Time is a catalyst

Read some people’s posts and felt like writing myself! I’m nicely tucked under my blanket now, spoiling my eyes as I type in the dark with my phone. Tired, but I really felt like coming here. Haha it’s strange cos I don’t have a particular topic in my mind. Maybe I can start with a few interesting things that happened ytd.

I went to help out in a friend’s mentorship project where they mentor a kid who has a pretty complicated life. Shall not go into the kid’s background. In short, one word, underprivileged. Anyway, I tagged along that session that day to teach the girl volleyball! I could feel that she was a bit hostile at the beginning, but after a while, I felt that she opened up more. Maybe it’s the common interest, or maybe she could tell I was trying hard to engage the kids. Either case, I’m glad she’s willing to talk to me and stuff. Hope there will be more sessions where I can join. 🙂

Back home, something big happened! Someone found a parang wrapped up in red cloth hidden in the corridor! Lots of speculation among the neighbours as to why it was there. Gang fight? Rituals? Not helping when I actually dreamt of witnessing a gang fight the day before. And the slashing incidents in Singapore…. I just hope it isn’t anything serious.
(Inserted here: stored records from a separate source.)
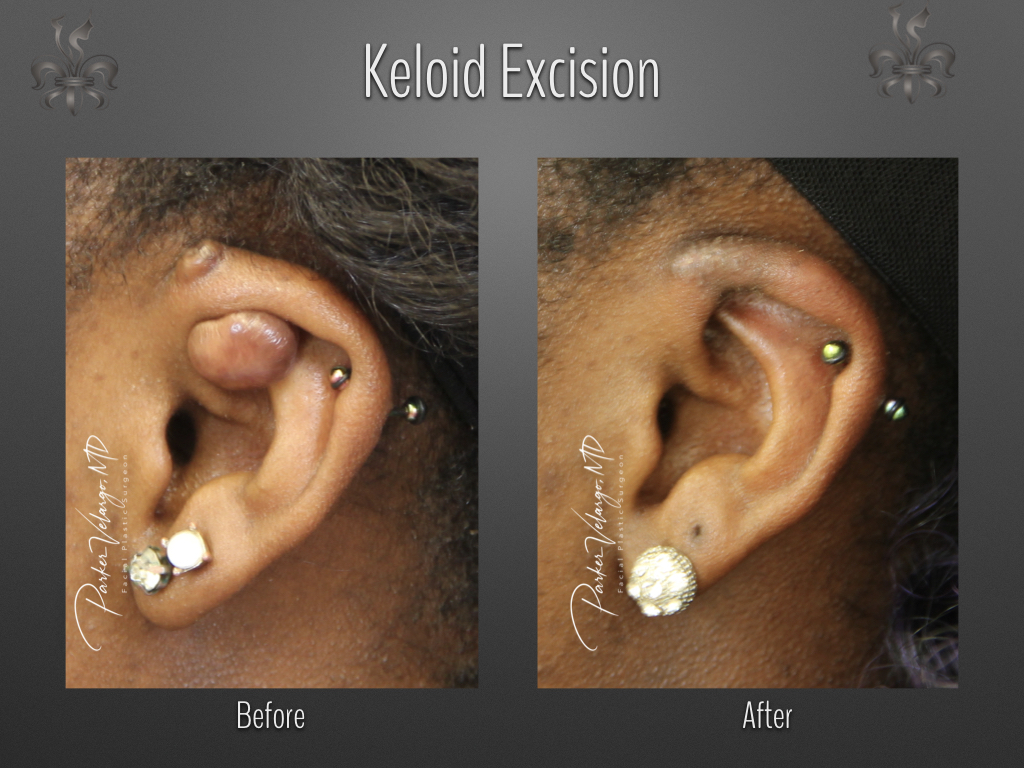 cpt code for excision of left earlobe keloid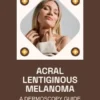 Acral Lentiginous Melanoma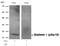 Stathmin 1 antibody, GTX50269, GeneTex, Western Blot image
Well, pretty much sums up ytd. It’s recess week and I’m studying. I don’t really know how much went into my head and stayed there. I miss the feeling of memorizing something so many times such that you can see and flip the pages in your mind. That happened for A levels. And that took like 1 or 2 years? And not to forget content wise, how different the quantity and quality is.

Anyway, perhaps I should talk abt other stuff. I think I never mentioned this before, but I like coming up with titles for my posts! They usually come from song lyrics. Sometimes I get inspiration and come up with something myself. But I always thought they reflect key points of my life somehow.

“Time is a catalyst”. That’s something I came up with myself. It feels weird how time, over a duration seems slow and sluggish. And we all know how it dilutes memories, feelings and pain. Strangely, this slow thing is probably the only thing we can use to speed up the dilution. Without time, they’ll never ease their way out of our lives.